Humanitäre Hilfe auf der letzten Meile steht vor großen Herausforderungen

Traditionelle Systeme zur Bereitstellung von humanitärer Hilfe sind auf eine kontinuierliche Internetverbindung angewiesen, um die einzelnen Schritte der Hilfslieferungen zu verfolgen. In abgelegenen Gebieten oder Konfliktgebieten mit zerstörter Infrastruktur ohne zuverlässigen Internetzugang kann die Hilfe nicht mehr verfolgt werden.

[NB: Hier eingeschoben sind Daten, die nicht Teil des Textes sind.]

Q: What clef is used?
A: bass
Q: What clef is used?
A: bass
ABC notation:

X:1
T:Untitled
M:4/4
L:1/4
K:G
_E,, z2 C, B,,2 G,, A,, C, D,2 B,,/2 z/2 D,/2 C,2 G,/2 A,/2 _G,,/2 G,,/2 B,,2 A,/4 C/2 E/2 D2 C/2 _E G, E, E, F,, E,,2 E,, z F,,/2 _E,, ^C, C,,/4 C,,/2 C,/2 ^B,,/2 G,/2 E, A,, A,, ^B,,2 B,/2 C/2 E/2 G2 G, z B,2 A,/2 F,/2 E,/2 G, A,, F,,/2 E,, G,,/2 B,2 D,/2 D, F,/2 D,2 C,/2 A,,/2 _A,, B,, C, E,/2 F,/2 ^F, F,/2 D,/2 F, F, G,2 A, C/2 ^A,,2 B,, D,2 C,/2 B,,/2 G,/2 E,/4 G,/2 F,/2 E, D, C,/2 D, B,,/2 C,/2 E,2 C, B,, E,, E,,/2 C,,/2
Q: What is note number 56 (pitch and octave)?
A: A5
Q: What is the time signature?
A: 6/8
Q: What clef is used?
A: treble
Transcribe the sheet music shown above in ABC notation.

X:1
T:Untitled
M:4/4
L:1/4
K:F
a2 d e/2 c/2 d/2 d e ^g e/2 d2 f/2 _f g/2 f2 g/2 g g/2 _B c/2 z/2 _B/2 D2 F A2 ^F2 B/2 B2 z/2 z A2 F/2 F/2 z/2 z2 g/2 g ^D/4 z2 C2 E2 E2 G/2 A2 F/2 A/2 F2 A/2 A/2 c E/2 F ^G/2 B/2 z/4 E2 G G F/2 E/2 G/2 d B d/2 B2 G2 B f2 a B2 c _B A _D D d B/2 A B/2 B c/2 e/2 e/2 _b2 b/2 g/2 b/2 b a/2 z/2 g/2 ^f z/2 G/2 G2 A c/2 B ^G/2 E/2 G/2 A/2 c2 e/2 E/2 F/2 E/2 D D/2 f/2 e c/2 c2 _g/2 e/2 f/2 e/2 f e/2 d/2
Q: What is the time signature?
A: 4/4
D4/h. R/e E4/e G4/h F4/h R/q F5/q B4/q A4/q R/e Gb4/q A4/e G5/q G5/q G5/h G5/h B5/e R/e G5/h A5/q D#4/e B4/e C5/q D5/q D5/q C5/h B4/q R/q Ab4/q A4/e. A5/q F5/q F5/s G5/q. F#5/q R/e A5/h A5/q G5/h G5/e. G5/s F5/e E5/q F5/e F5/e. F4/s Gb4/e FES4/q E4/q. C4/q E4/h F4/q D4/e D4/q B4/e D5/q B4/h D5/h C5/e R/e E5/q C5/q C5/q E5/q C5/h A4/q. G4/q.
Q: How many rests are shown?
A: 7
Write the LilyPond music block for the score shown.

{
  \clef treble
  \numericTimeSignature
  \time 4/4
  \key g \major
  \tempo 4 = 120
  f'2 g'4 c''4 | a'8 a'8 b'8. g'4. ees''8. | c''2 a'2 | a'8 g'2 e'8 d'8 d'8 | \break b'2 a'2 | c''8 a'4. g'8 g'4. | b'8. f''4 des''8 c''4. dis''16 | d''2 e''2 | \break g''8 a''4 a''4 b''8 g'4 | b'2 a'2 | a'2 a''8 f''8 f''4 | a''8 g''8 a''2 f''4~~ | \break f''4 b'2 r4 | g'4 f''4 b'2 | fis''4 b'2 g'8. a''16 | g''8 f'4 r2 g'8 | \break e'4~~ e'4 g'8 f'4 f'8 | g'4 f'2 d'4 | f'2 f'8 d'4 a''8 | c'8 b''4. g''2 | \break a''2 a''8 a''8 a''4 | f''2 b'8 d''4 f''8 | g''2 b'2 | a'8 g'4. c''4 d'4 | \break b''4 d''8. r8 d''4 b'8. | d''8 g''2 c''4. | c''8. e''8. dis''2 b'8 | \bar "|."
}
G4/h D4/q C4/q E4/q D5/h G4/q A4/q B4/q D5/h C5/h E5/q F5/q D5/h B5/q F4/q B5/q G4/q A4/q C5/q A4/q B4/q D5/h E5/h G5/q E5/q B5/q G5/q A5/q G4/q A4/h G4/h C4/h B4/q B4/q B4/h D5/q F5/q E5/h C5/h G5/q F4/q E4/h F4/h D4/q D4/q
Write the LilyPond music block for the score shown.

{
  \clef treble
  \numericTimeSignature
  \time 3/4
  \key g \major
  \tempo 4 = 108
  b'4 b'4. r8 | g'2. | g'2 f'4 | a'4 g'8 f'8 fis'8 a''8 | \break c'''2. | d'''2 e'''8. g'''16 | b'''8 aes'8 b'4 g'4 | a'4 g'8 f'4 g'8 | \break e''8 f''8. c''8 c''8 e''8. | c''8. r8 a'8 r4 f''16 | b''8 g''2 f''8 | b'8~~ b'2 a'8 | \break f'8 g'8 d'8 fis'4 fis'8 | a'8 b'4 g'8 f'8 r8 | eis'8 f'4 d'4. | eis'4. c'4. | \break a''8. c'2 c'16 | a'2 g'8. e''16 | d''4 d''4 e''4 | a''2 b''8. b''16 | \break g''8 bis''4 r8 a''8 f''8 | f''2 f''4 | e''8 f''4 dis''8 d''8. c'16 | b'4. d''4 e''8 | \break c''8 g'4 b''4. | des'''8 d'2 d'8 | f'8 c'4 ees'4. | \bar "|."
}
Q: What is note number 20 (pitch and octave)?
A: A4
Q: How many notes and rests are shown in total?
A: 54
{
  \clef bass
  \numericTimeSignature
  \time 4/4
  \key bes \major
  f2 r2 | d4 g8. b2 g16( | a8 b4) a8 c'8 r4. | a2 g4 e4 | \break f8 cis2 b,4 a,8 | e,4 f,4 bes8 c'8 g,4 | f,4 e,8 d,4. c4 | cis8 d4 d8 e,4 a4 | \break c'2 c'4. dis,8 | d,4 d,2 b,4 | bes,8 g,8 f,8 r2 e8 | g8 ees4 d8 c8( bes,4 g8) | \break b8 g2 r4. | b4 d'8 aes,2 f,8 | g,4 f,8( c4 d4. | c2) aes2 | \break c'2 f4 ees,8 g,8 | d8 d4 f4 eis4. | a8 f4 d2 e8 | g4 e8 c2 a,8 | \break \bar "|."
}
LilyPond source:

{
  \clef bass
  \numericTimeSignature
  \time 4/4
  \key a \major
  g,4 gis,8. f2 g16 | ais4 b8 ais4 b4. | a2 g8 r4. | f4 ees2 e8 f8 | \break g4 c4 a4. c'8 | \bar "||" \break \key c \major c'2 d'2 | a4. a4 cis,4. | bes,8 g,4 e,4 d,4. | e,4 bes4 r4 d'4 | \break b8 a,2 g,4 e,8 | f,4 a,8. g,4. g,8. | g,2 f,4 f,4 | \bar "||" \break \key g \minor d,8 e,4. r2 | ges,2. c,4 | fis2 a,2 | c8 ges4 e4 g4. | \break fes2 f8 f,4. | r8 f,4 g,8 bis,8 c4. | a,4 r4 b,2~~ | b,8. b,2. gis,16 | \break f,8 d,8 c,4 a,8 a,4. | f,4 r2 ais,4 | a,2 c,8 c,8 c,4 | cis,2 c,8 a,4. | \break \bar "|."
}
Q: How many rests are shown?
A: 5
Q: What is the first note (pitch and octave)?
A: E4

Die Folgen sind weitreichend. Einerseits ist die Tatsache, dass der Prozess der Hilfslieferung kompliziert und teuer ist, natürlich ein großer Hemmschuh für Logistikdienstleister. Andererseits besteht ohne zuverlässige Nachverfolgung auf der letzten Meile die Gefahr, dass Hilfsgüter verloren gehen, gestohlen oder fehlgeleitet werden. Diese logistischen und korruptionsbedingten Herausforderungen haben auch oft das Vertrauen in die humanitäre Hilfe untergraben (AidPioneers, 2024). Das führt dazu, dass Spender:innen und Investor:innen zögern, Projekte zu finanzieren, was die Unterstützungssysteme für Gemeinden, die dringend Hilfe benötigen, weiter schwächt.

„Hier kommt Track & Trust ins Spiel”, erklärt Rebecca Johnson, CTO von Datarella. „Die Technologie, die wir mit unseren Partnern entwickelt haben, ermöglicht eine mühelose Nachverfolgung der Zustellung auf der letzten Meile, selbst in den schwierigsten Umgebungen.” Dazu werden die Hilfsgüter-LKWs mit Track & Trust-Mesh-Knoten ausgestattet, die über mehrere Funksysteme verfügen und relevante Daten wie Ankunftsstatus, Verzögerungen oder Schäden, die von den Fahrer:innen eingegeben werden, empfangen und speichern können.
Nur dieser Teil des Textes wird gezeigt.